Toutefois, l’application de ces nouvelles règles peut aboutir à calculer un IFI sur une base de valeur des titres supérieure à leur valeur vénale. Pour éviter cet écueil, la loi prévoit un correctif en permettant au redevable de plafonner la valeur des titres à retenir dans l’assiette de l’IFI à la valeur la plus faible entre :

– la valeur vénale des titres,

– la valeur vénale des immeubles déduction faire des dettes y afférentes.

Selon l’article 973, IV, du CGI, « Sans préjudice des II et III du présent article, la valeur imposable à l’impôt sur la fortune immobilière des parts ou actions déterminée conformément au premier alinéa du présent IV ne peut être supérieure à leur valeur vénale déterminée conformément au I ou, si elle est inférieure à cette dernière, à la valeur vénale des actifs imposables de la société diminuée des dettes y afférentes qu’elle a contractées, à proportion de la fraction de capital de la société à laquelle donnent droit les parts ou actions comprises dans le patrimoine du redevable ». En cas d’application du plafonnement, c’est la plus faible de ces deux valeurs qui constituera la valeur imposable à proportion du capital détenu par le redevable.

Exemple

Si la SCI détient, cette fois-ci, a un patrimoine immobilier de 2 millions d’euros, un compte titres de 1 million d’euros, mais a pour passif un crédit immobilier de 1 million d’euros, le ratio immobilier est toujours de 66,66 % (2 millions/ 3 millions), et la valeur des parts pour l’IFI est de 1 333 333 euros (2 millions d’euros × 66,66 %).

En 2023, cela aurait été la valeur à déclarer.

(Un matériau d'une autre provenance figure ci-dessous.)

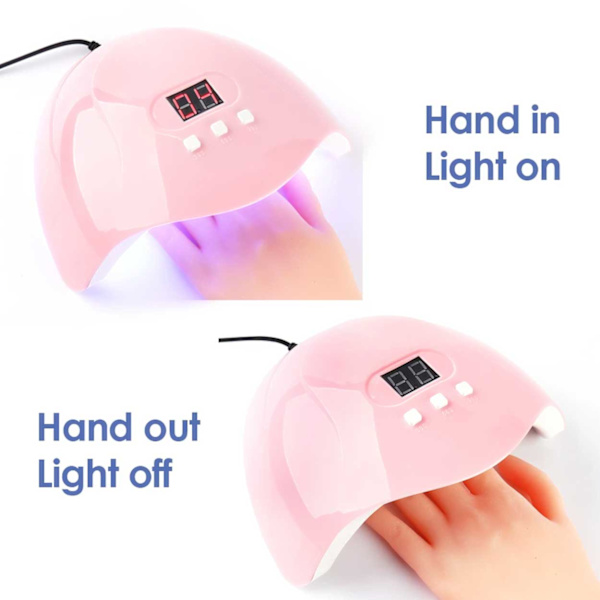 54W UV/LED-Lampa För Naglar Med Timer - Nagellampa rosa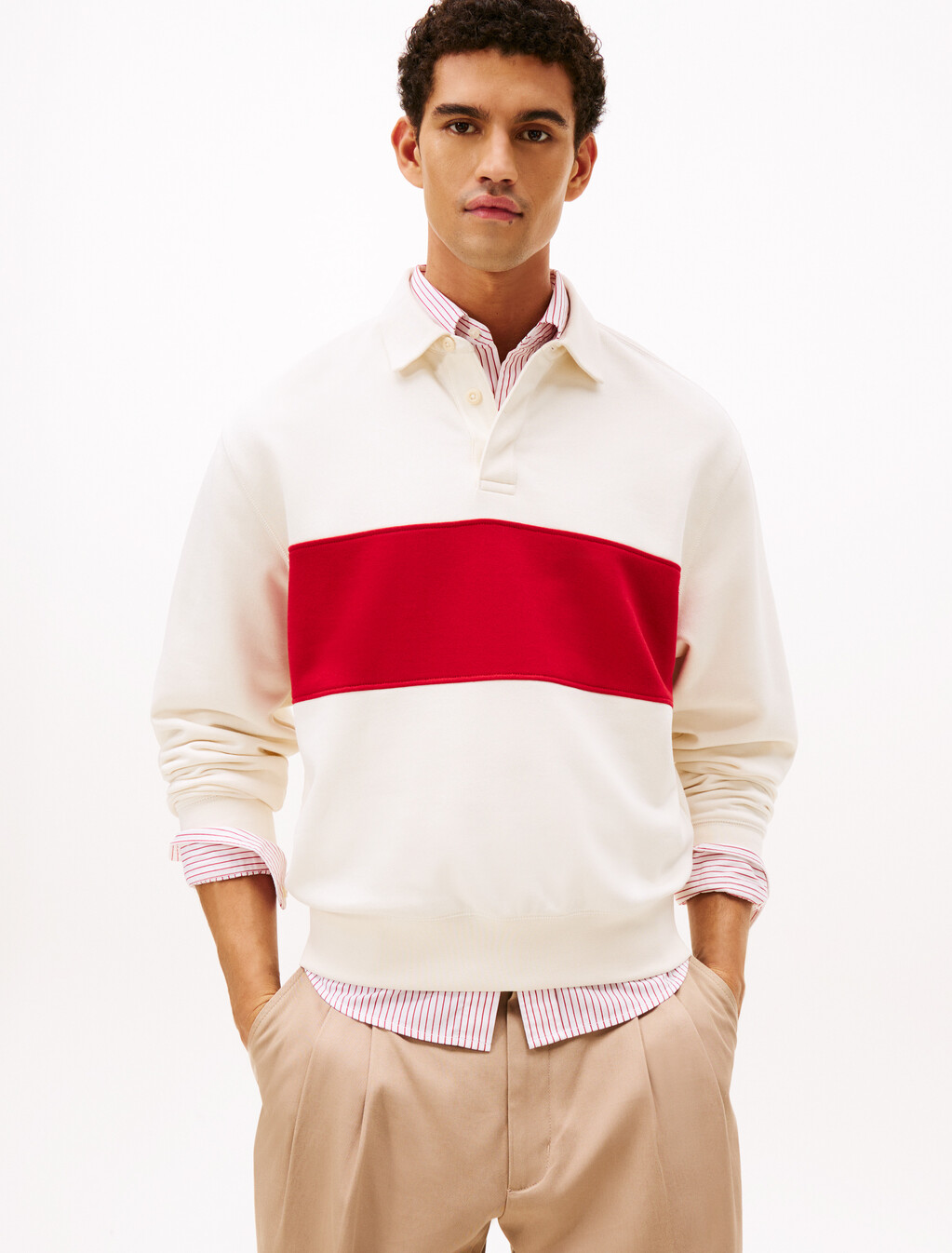 Colour-Blocked Rugby Jumper, Ivory Petal, hi-res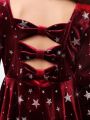 SHEIN Young Girl Galaxy Print Bow Back Gigot Sleeve Velvet Dress
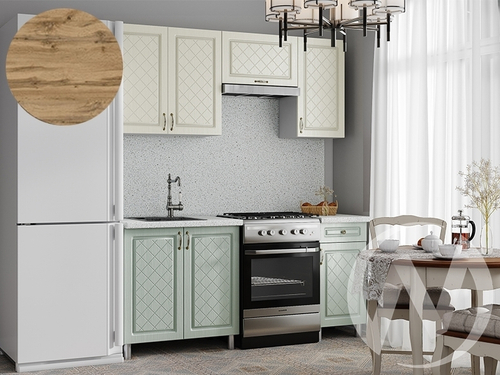 Кухня Вильма 1.8м с окапом (корпус белый/айвори; васаби)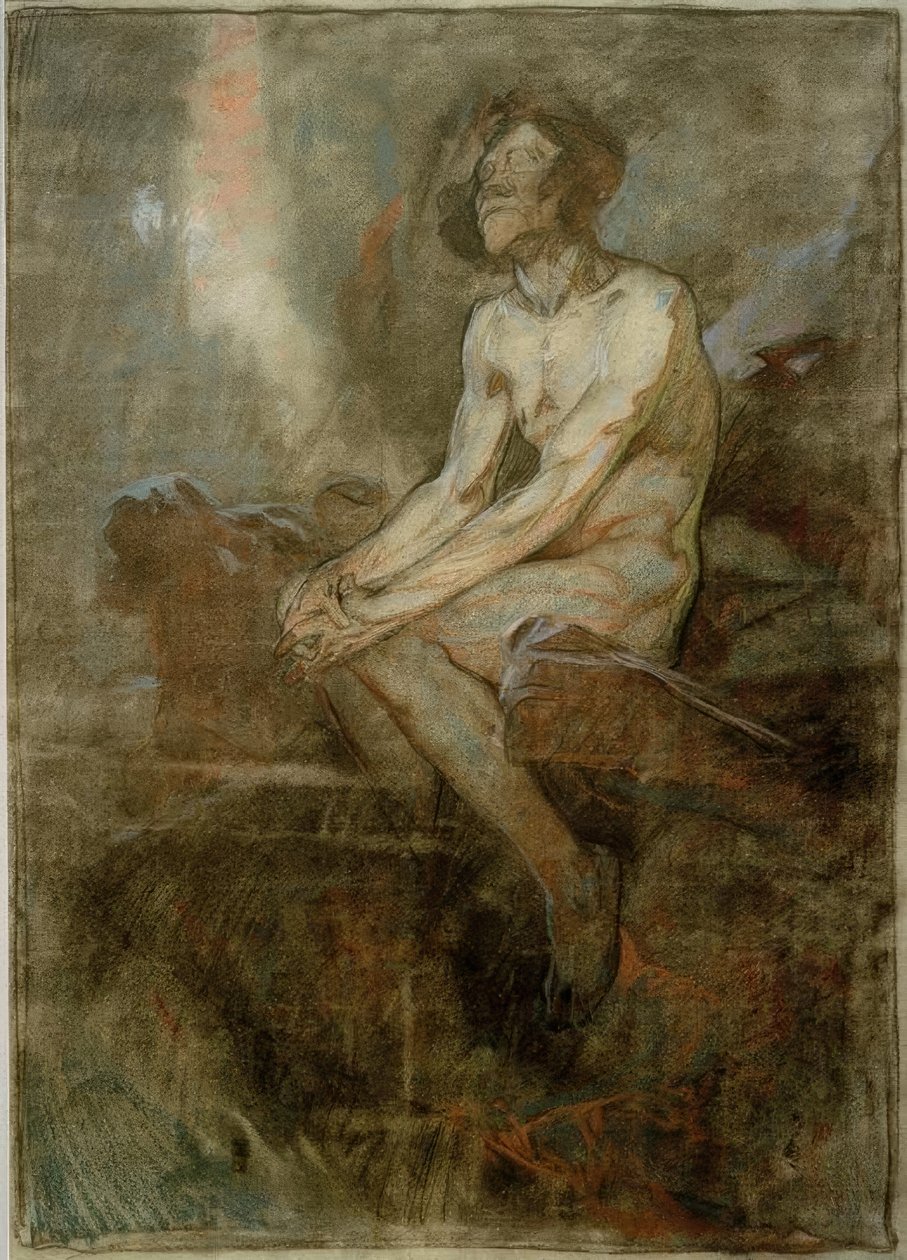 Male Nude Sitting on a Rock by Alphonse Mucha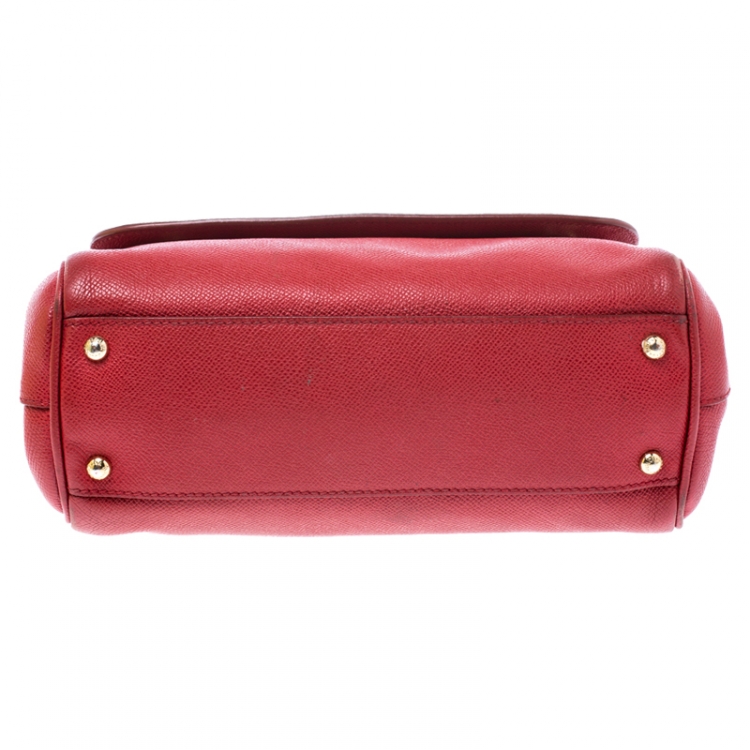 Pre Owned Dolce & Gabbana Red Leather Medium Miss Sicily Top Handle Bag
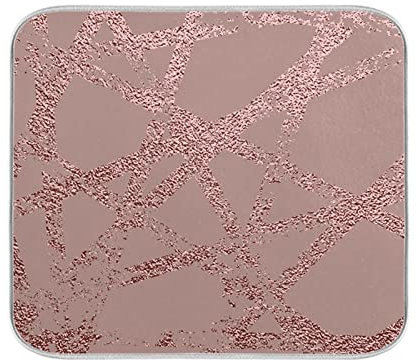 Mnsruu Absorbent Dish Drying Mat Rose Gold Structure Dishes Drainer Protector Pad Pot Holder with Hanging Loop for Kitchen Countertops Sinks Refrigerator 40.6 x 45.7 CM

En 2024, compte tenu de la possibilité d’appliquer un correctif de plafonnement, il est en effet possible de comparer le résultat obtenu soit à la valeur vénale des droits sociaux, soit à la valeur des immeubles figurant à l’actif, nette des dettes immobilières et de retenir la plus faible. Ce deuxième terme de comparaison est à privilégier, puisqu’il aboutit à une valeur à déclarer à l’IFI inférieure à 1 million d’euros (2 millions d’euros d’actif immobilier -1 million d’euros de crédit immobilier). Si la SCI est détenue à parts égales par deux associés, la participation de chacun s’élève à 500 000 euros.

Application d’une décote

Il est possible d’appliquer sur la valeur obtenue, une décote de 10 % pour détention indirecte et aussi d’une décote de 10 % pour absence de liquidité des titres de sociétés non cotées, en fonction de l’existence de clauses statutaires limitant la disposition des parts type, clause d’agrément.